Yönetmelikte "sınav yapılmaz” derken, sınav yapın diye emir veren; Yönetmelikte "sınav yapılır" derken "Sınav notlarını iptal eden" bakanlığı anlamak mümkün değildir. Hatırlatmak isteriz ki, resmi yazılar yönetmelik hükmünü değiştiremez!’

Yapılan bu çelişkili açıklamalar ve hatalı kararların doğuracağı sorunları öğretmenlerin üzerine yıkmak ve onlara böyle vicdani bir sorumluk yükleyerek, çözümsüzlüğün içine itmek ne kadar adildir?

Öğretmenlerimiz, imkânı olmadığı için derse katılamayan, derse katıldığı halde derste aktif olmayan ya da derse kısmen katılabilen öğrencilerini nasıl değerlendireceklerdir?

İnternet ve tableti/bilgisayarı/televizyonu/akıllı telefonu olmadığı için uzaktan eğitim derslerini takip edemeyen milyonlarca öğrenciye nasıl not verilecektir?

Bu öğrencilere derslere katılamadıkları için zayıf/düşük not mu verilecektir?

Tutarsız uygulamalar uzaktan eğitimde yaşanan sorunları daha da beslemekte, öğrenci- veli-öğretmenleri kaosa sürüklemektedir.

“İYİ PARTİ OLARAK ÖNERİLERİMİZ VAR”

Öncelikle acilen uzaktan eğitim sürecindeki eşitsizlikler ortadan kaldırılmalıdır. Uzaktan eğitim sürecinde öğrenciler arasında eğitime erişim eşitliği sağlanmadan not verilmesi adil değildir. Bu yüzden temel eğitim ve ortaöğretimde 2020-2021 öğretim yılı birinci döneminde öğrencilere hiç not verilmemeli, ikinci dönemde yüz yüze yapılacak sınav ve değerlendirme sonuçlarına göre (birinci dönemde yapılan sınav sonuçları birlikte değerlendirilerek) sınıf geçme notu verilmelidir.
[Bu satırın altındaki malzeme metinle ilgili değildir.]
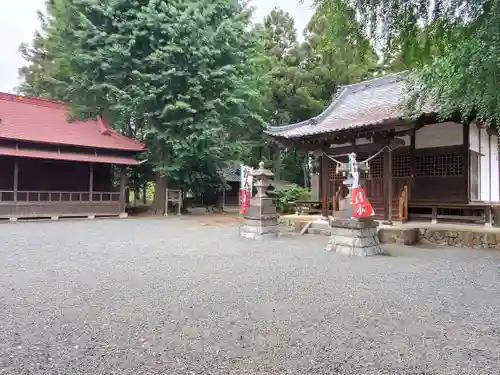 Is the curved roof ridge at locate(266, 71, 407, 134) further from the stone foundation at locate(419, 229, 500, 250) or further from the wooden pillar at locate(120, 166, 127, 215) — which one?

Uzaktan eğitime erişemeyen ve sınavlara giremeyen öğrenciler, yüz yüze eğitim başladığında önce telafi eğitimine alınmalı, bu öğrencilerimizin dönem notları telafi eğitimi sonunda yapılacak sınavlarla belirlenmelidir. Ayrıca tüm öğrencilerin öğrenme kayıplarını telafi etmek için ilkokul, ortaokul ve liselerde eğitimi destekleme ve yetiştirme kursları açılmalıdır.

Bakanlık, özellikle merkezi sınavlara girecek ortaokul son sınıf ve lise son sınıf öğrencilerinin ortalamalarını etkileyecek ve mağduriyetlerine yol açacak düzenlemelerden kaçınmalıdır.
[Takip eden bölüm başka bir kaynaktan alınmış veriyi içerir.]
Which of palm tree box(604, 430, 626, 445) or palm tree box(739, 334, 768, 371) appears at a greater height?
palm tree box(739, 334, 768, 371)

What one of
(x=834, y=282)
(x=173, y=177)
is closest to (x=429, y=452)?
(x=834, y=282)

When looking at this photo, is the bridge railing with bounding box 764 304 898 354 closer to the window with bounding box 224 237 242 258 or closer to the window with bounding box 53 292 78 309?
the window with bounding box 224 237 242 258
Milli Eğitim Bakanı Sn. Ziya Selçuk çıktığı bir televizyon kanalında öğrencilerin, öğretmenlerin ve velilerin cevaplamasını istediği sorulara tatmin edici cevaplar verememiş, rakamsal olarak da doğru olmayan bilgilerle cevap bekleyen soruları geçiştirmiş, yapay zekadan, bastıkları kitapçıklardan, bin sayfalık dergilerden bahsetmeyi uygun görmüştür.
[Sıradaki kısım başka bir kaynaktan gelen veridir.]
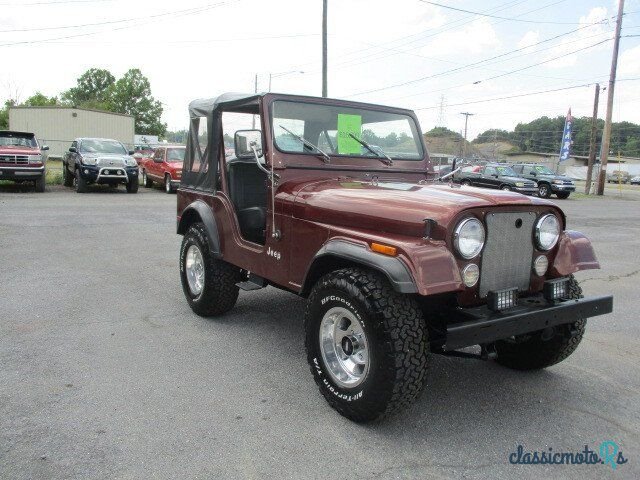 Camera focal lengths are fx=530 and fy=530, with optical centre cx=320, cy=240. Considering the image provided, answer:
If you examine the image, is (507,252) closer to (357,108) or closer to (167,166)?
(357,108)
6 MİLYONDAN FAZLA ÖĞRENCİ 2020-2021 EĞİTİM YILINDA UZAKTAN EĞİTİME ULAŞAMAMIŞTIR!

İnternet yapımızın fiber optik açısından yetersiz olduğu ortadadır. Türkiye'de ortalama hız 3G bile değildir. 178 ülke içinde sabit internette ortalama internet hızına göre 101'inci sıradayız.

EBA’ya erişimin sağlıklı bir şekilde sağlanabilmesi için ülkemizdeki fiber altyapı kapasitesinin 200 kat artırılması gerekmektedir. Bazı yerleşim birimlerinde buna büyük şehirler de dahil, internet bağlantısı dahi bulunmamaktadır. Sn. Bakan, EBA’ya girişin 3 milyon canlı ders kapasitesine ulaştığını söylemektedir, ancak 1 milyon kişi EBA’ya girdiğinde sistem çökmektedir.

Ülkemizde 18 milyon K12 öğrencisi olduğu düşünüldüğünde, kısmen katılan veya katılamayan 6 milyondan fazla öğrencimiz 2020-2021 eğitim yılında uzaktan eğitime maalesef ulaşamamıştır!

TABLET DAĞITIMINDA ADİL OLUNMASI GEREKMEKTEDİR!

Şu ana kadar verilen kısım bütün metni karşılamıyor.